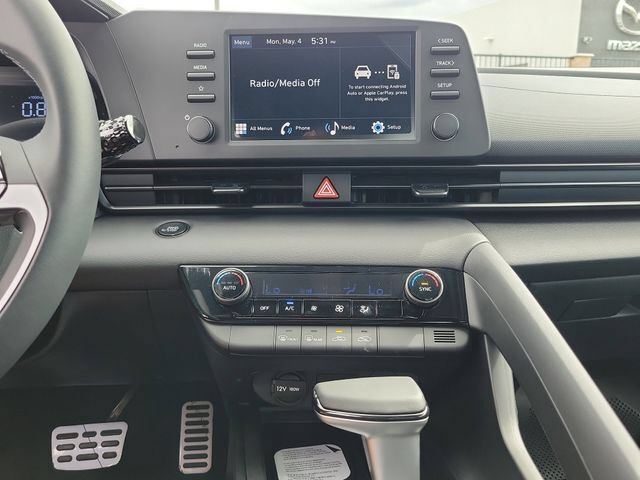 New 2026 Hyundai Elantra Sport FWD image 15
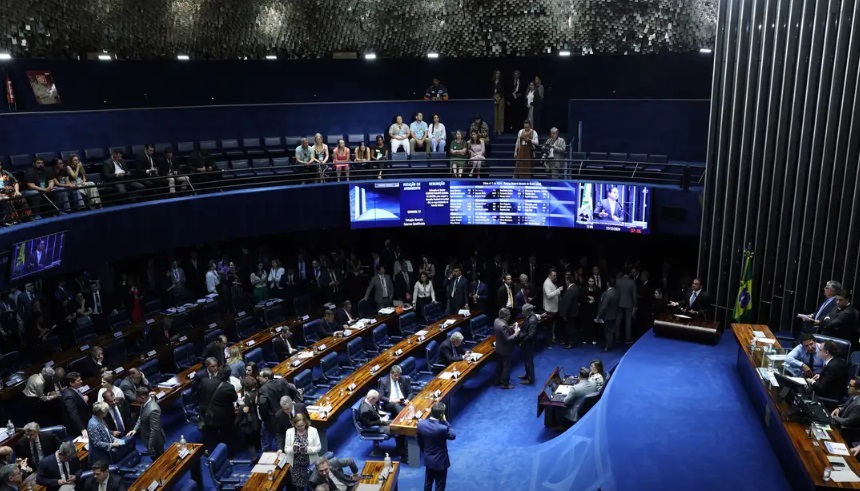 Senado aprova penas mais duras para crimes violentos e texto segue para a Câmara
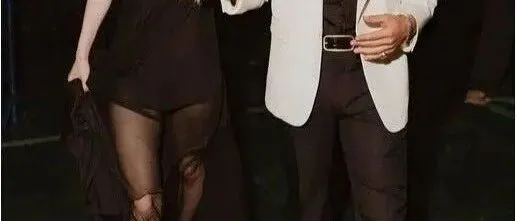 브루<em>노</em> 마스, 로제와 '아파트' 의리 <em>지</em>켰다...블랙핑크 LA 공연서 '깜짝 게스트' 등장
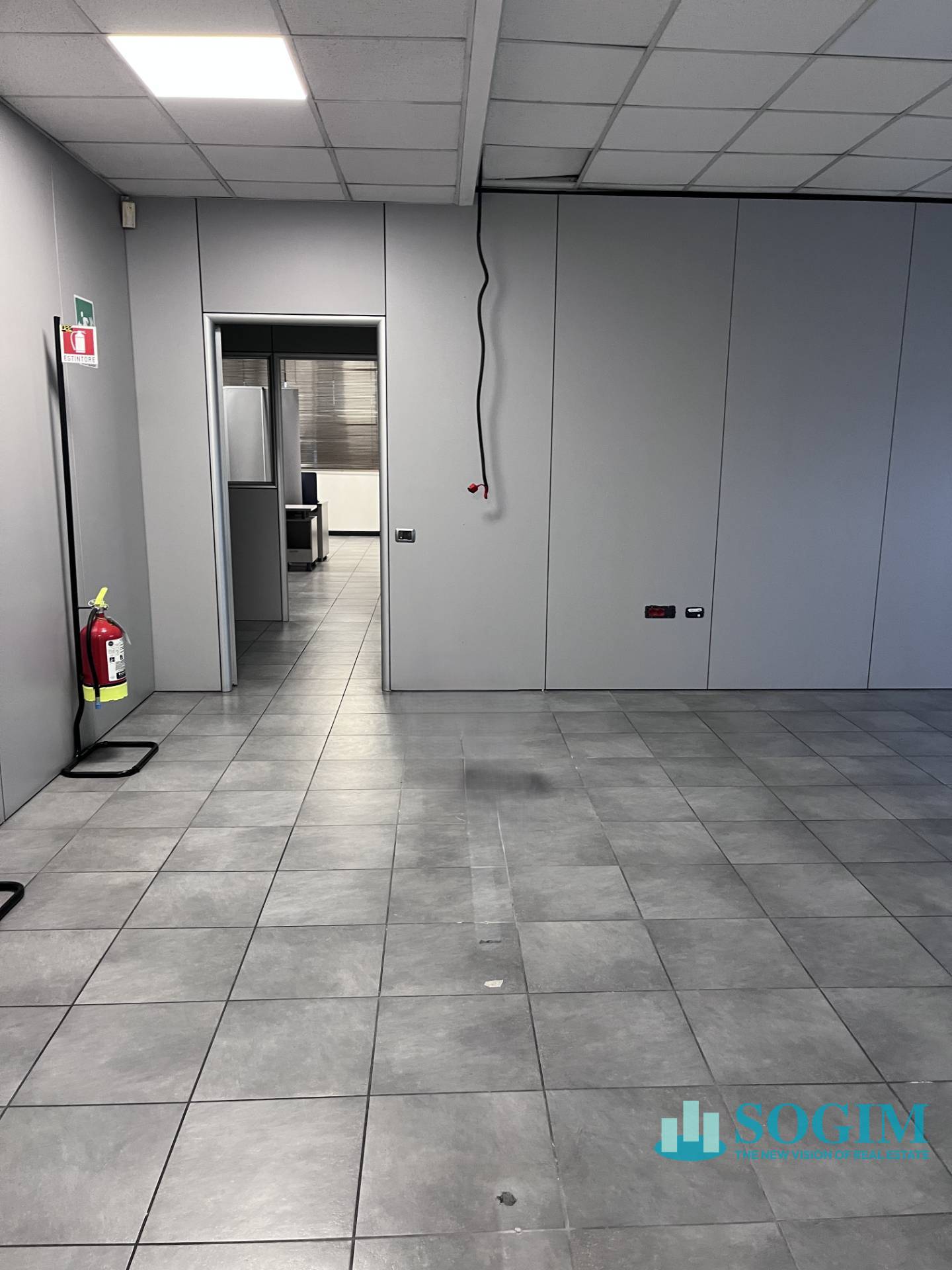 Capannone + Palazzina Uffici in vendita a Assago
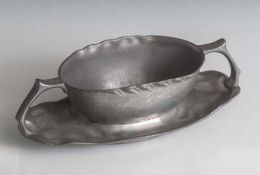 Sauciere, Jugendstil, Kayserzinn. Auf der Us. gemarkt. Modell-Nr. 4517. H. ca. 6 cm, L. ca. 22,5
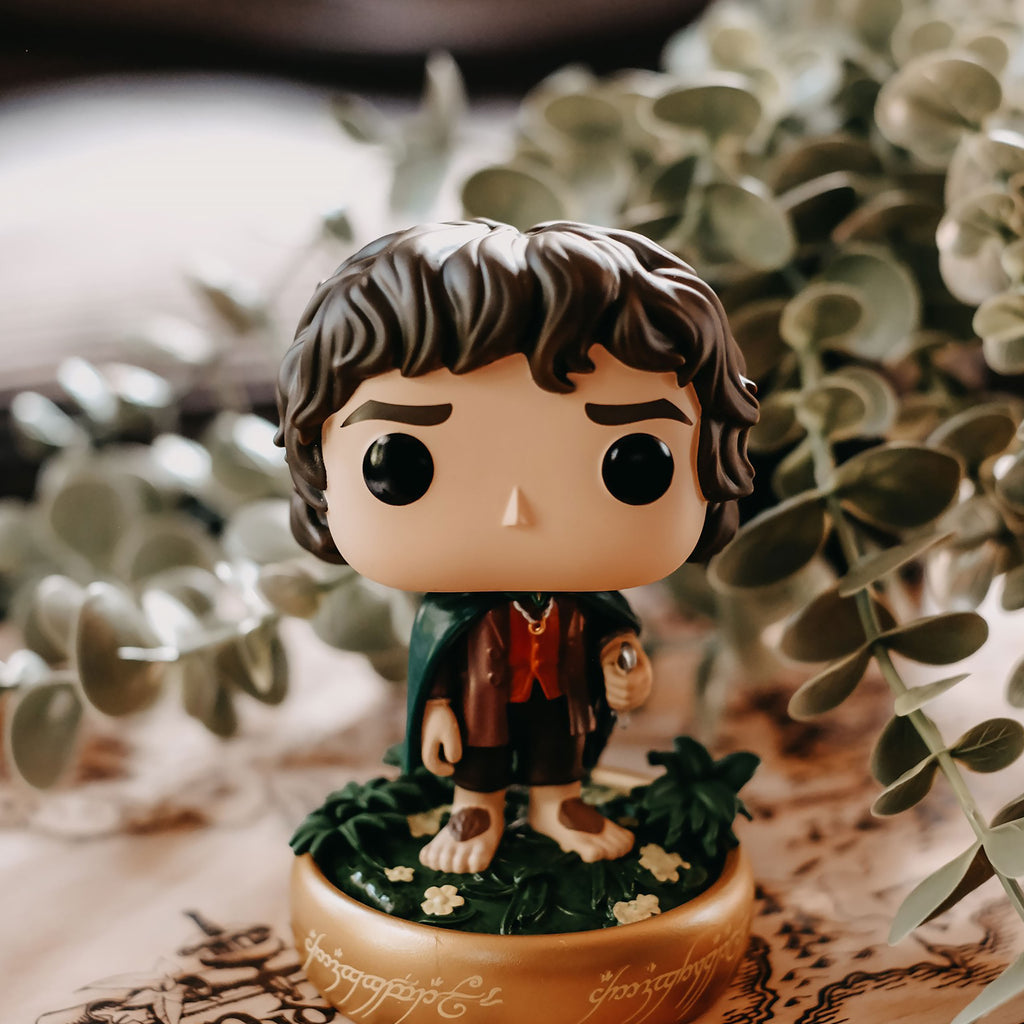 Image produit Le Seigneur des Anneaux - Figurine Funko POP! Frodo (brille dans le noir)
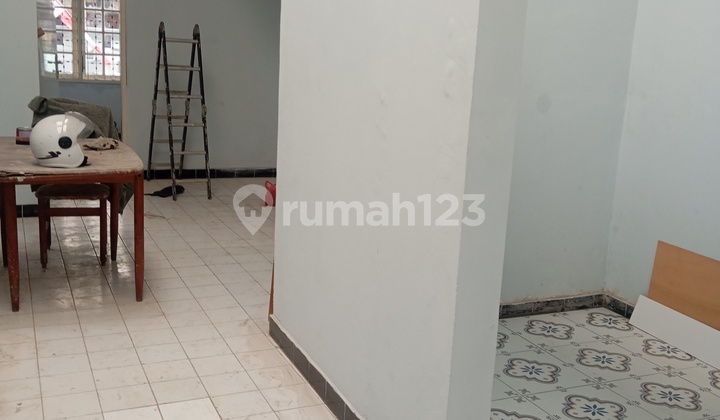 Disewakan Rumah 1 Lantai Baru Renov Dalam Komplek Di Antapani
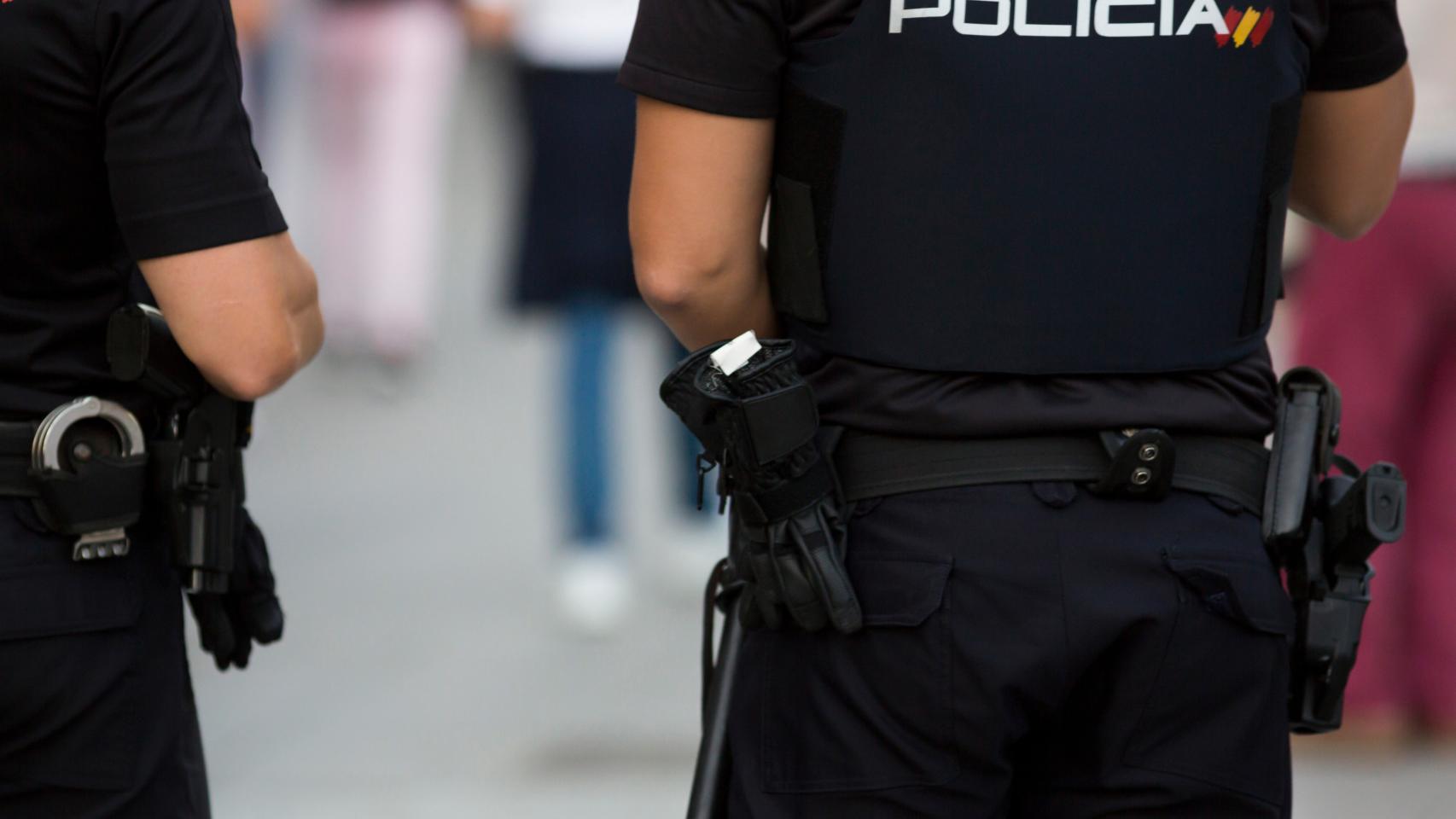Dos agentes de la Policía Nacional, en una imagen de archivo.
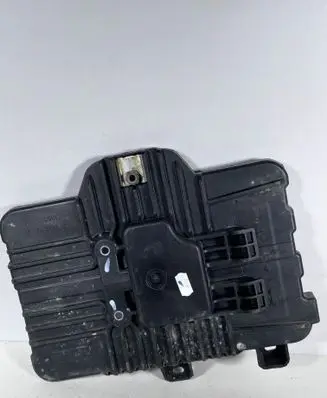 Suzuki Vitara (LY) Battery tray 7252161M10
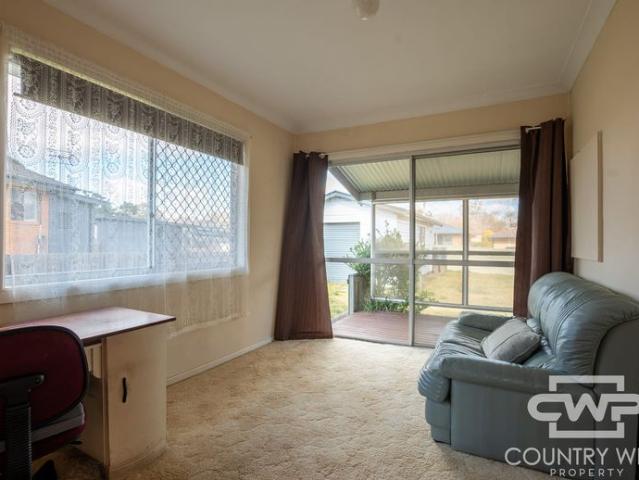 Cosy Two Bedroom Home
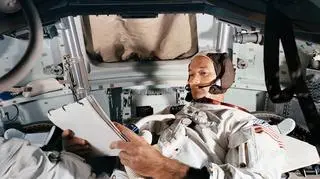 Astronauta Michael Collins podczas praktyk w symulatorze - zdjęcie z 19 czerwca 1969 roku (NASA)
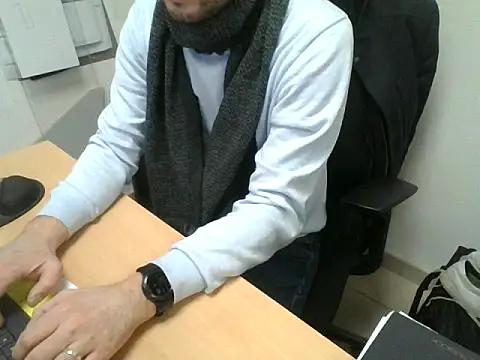 Snapshot of GM51-1988 chatting on 11.10.25 GM51-1988 online show from 11.10.25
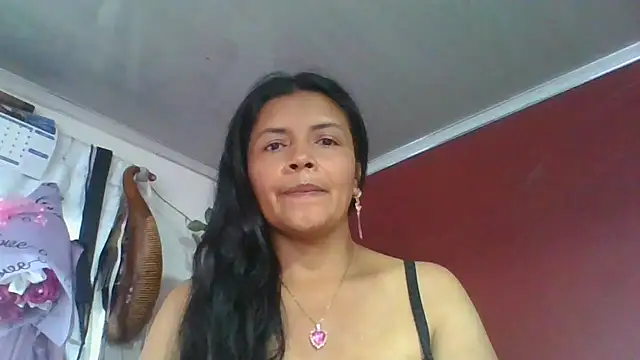 Snapshot of DianaOchoa_ chatting on May 11, 12:00 pm DianaOchoa online show from May 11, 12:00 pm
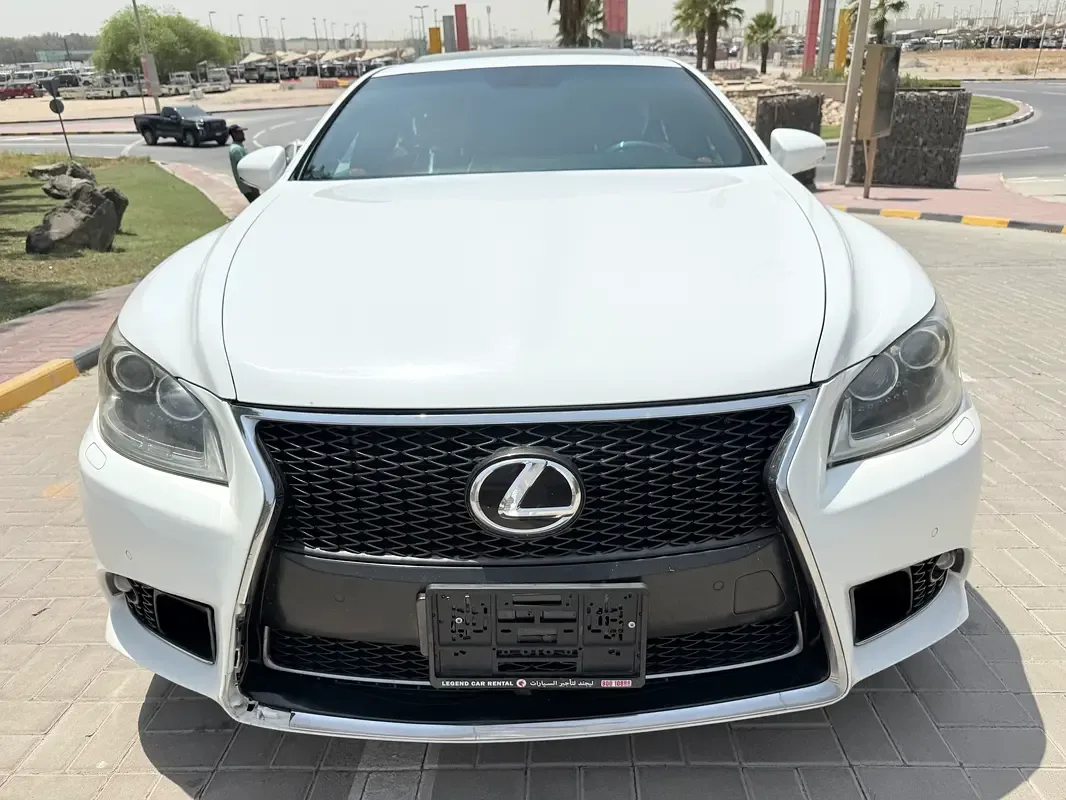 Lexus LS 460 AT (388 hp)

______

Repeat the listing above word for word and leave its images out.

> **SOLUTION TO THIS EXERCISE**:
 New 2026 Hyundai Elantra Sport FWD image 15
 Senado aprova penas mais duras para crimes violentos e texto segue para a Câmara
 브루<em>노</em> 마스, 로제와 '아파트' 의리 <em>지</em>켰다...블랙핑크 LA 공연서 '깜짝 게스트' 등장
 Capannone + Palazzina Uffici in vendita a Assago
 Sauciere, Jugendstil, Kayserzinn. Auf der Us. gemarkt. Modell-Nr. 4517. H. ca. 6 cm, L. ca. 22,5
 Image produit Le Seigneur des Anneaux - Figurine Funko POP! Frodo (brille dans le noir)
 Disewakan Rumah 1 Lantai Baru Renov Dalam Komplek Di Antapani
Dos agentes de la Policía Nacional, en una imagen de archivo.
 Suzuki Vitara (LY) Battery tray 7252161M10
 Cosy Two Bedroom Home
 Astronauta Michael Collins podczas praktyk w symulatorze - zdjęcie z 19 czerwca 1969 roku (NASA)
 Snapshot of GM51-1988 chatting on 11.10.25 GM51-1988 online show from 11.10.25
 Snapshot of DianaOchoa_ chatting on May 11, 12:00 pm DianaOchoa online show from May 11, 12:00 pm
 Lexus LS 460 AT (388 hp)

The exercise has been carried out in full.